“婚礼就在这儿,我和她的。”
曾经喧闹着的,充满着欢声笑语的厅堂,现在只剩下何满独自说话时的回音,结婚当天他从这里望出去是欢笑着的人群,现在只有灰暗的顶灯亮着。
辛悲慈从烟盒里拿出根烟叼在嘴里,伸手把烟盒递给他,何满看了眼吊顶上还亮着的烟感设备,对方含着烟模糊不清地说:
“坏了很多年了,我小时候就这样。”
两人站在前台边对着门口点了烟,屋外是盛放的春色,屋内是过去的遗孤,何满看着进门的大理石步道说了一句:
“她进门时在那儿摔了一跤。”
“没事?”
“没事,我扶住了。”
辛悲慈叼着烟说话,语气还挺正经:
“我小时候也在同一个位置摔过,砸掉了半颗牙。”
何满一口烟差点呛进肺里,果然周末也不应该随便抽烟,还没来得及讲上课嗓子就要费,他把手中的车钥匙扔给了辛悲慈,支使他去把车停进院子。

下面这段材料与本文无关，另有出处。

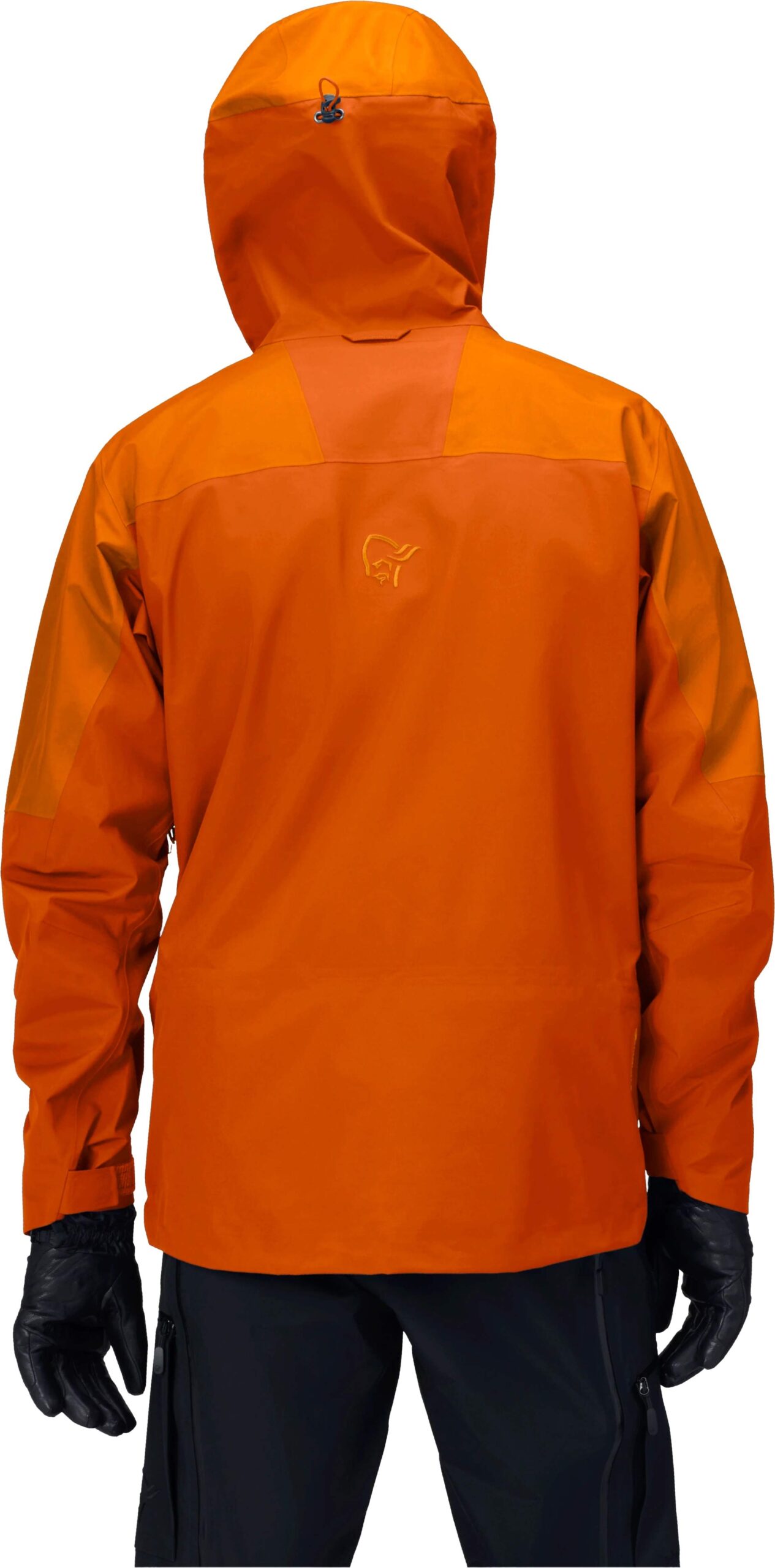 Lofoten Gore-Tex Jacket M Gold Flame – Image 4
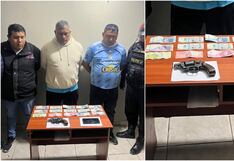 Ica: desarticulan a “Los Furiosos de Ica”, que tenían un revólver abastecido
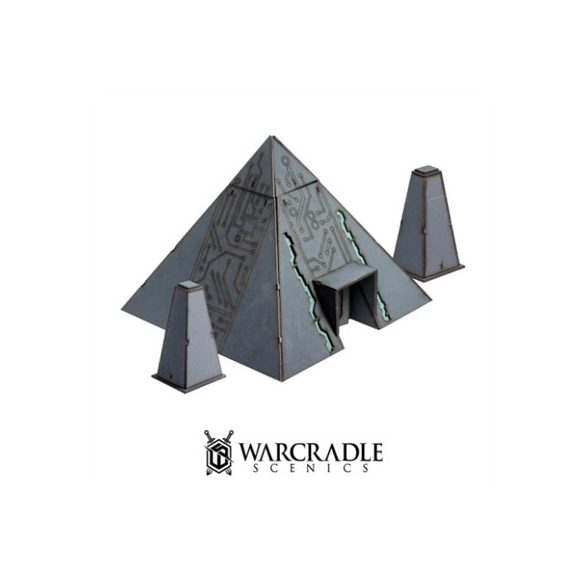 Warcradle Scenics: Immortal Tombs Pyramid - EN-WSA530003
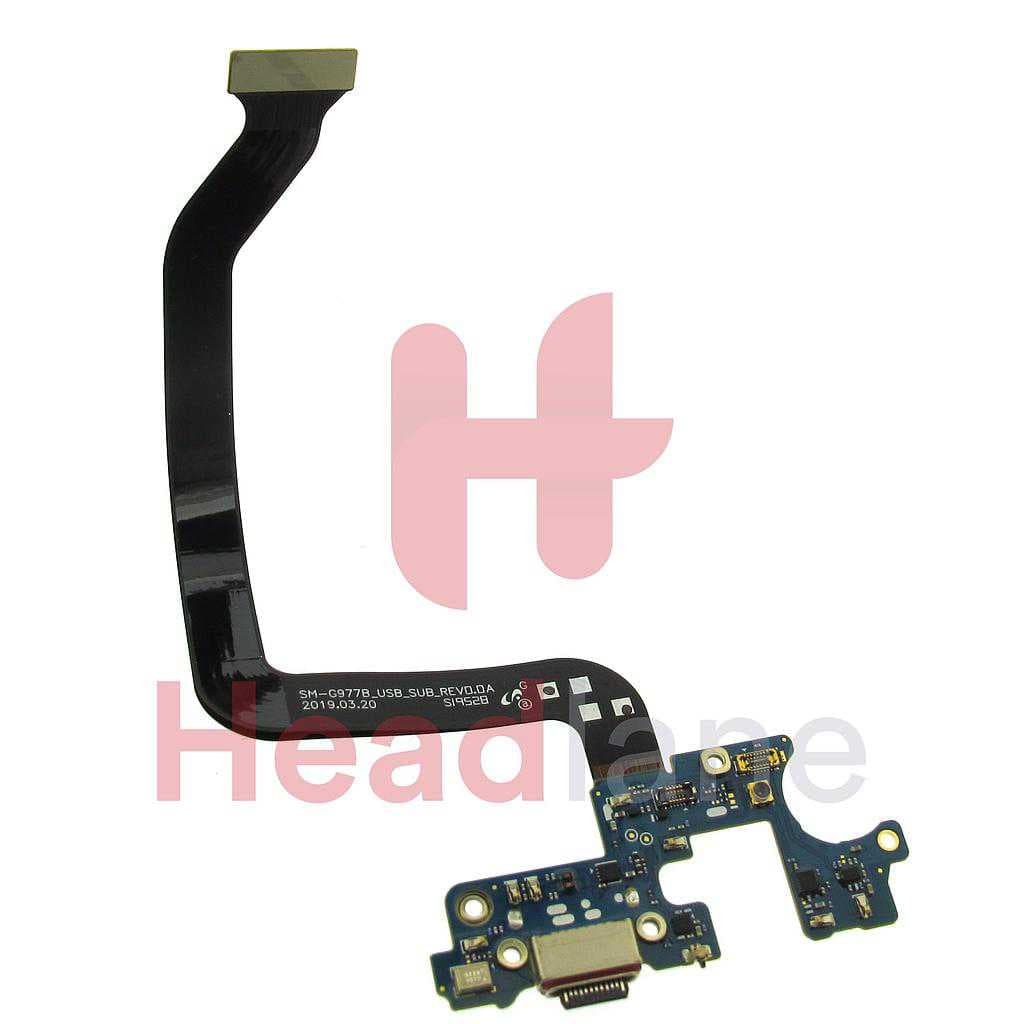 Samsung SM-G977 Galaxy S10 5G Charging Port Flex - GH59-15123A - Samsung Replacement Part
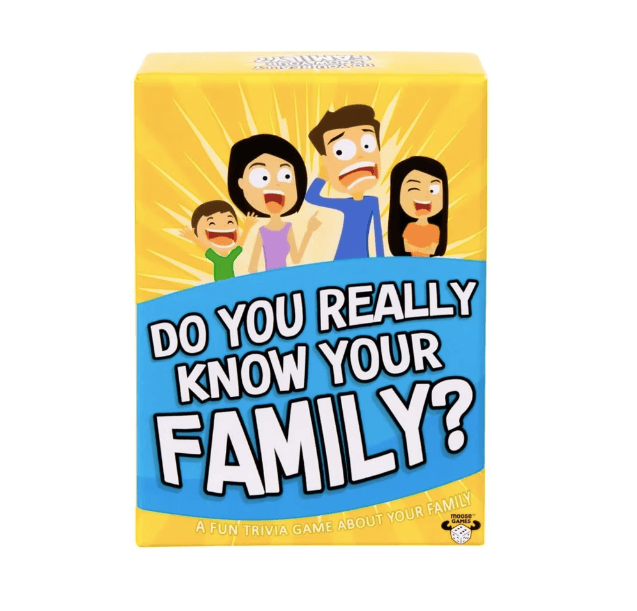 Do You Really Know Your Family? Game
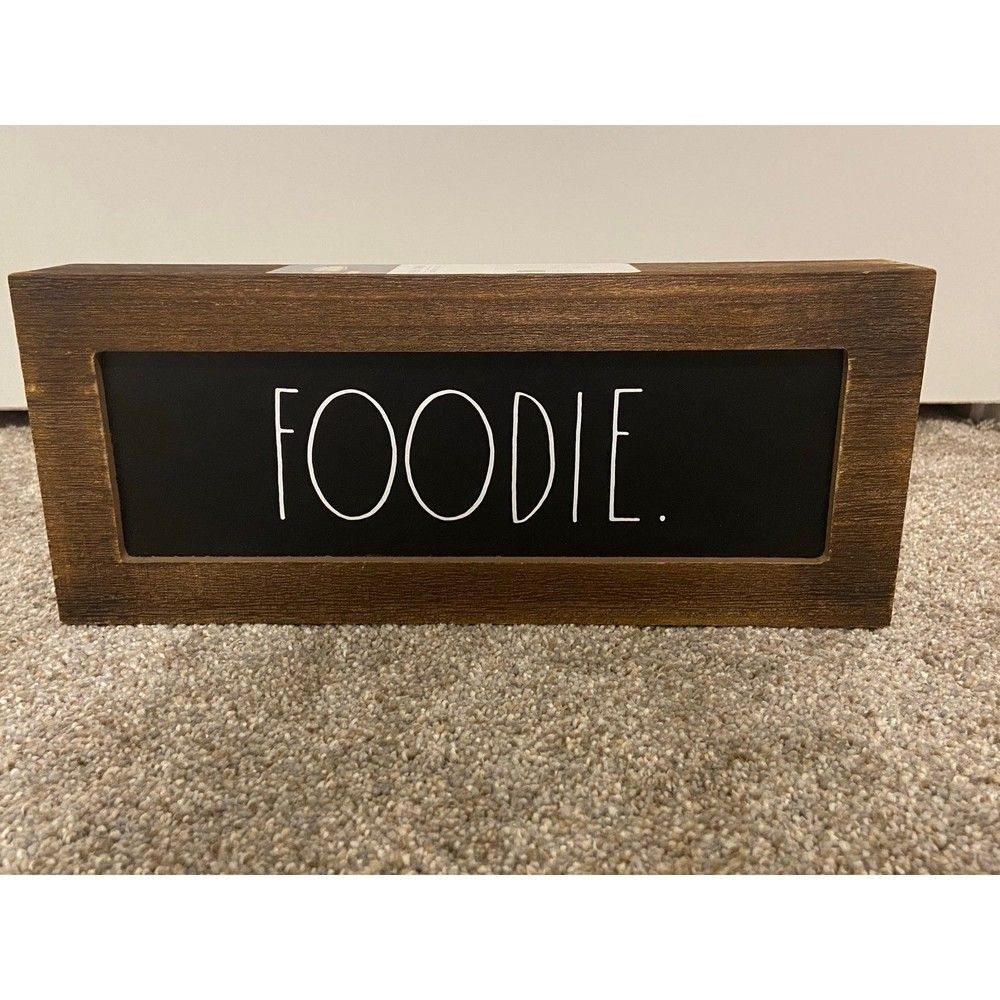 Rae Dunn farmhouse kitchen FOODIE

对方憋着笑出去了,何满靠着柜台喘匀了气,听着外面响起了汽车发动机的声音,他弹了下烟灰,看着天花板上的吊灯呼了口烟。
接着发动机的声音停下了,辛悲慈原路走了回来,他转着车钥匙问:
“姐夫,你说路太颠簸车会不会坏?”
“当然。”
辛悲慈一脸恍然大悟,随即点头赞同,接着把车钥匙扔回他手上。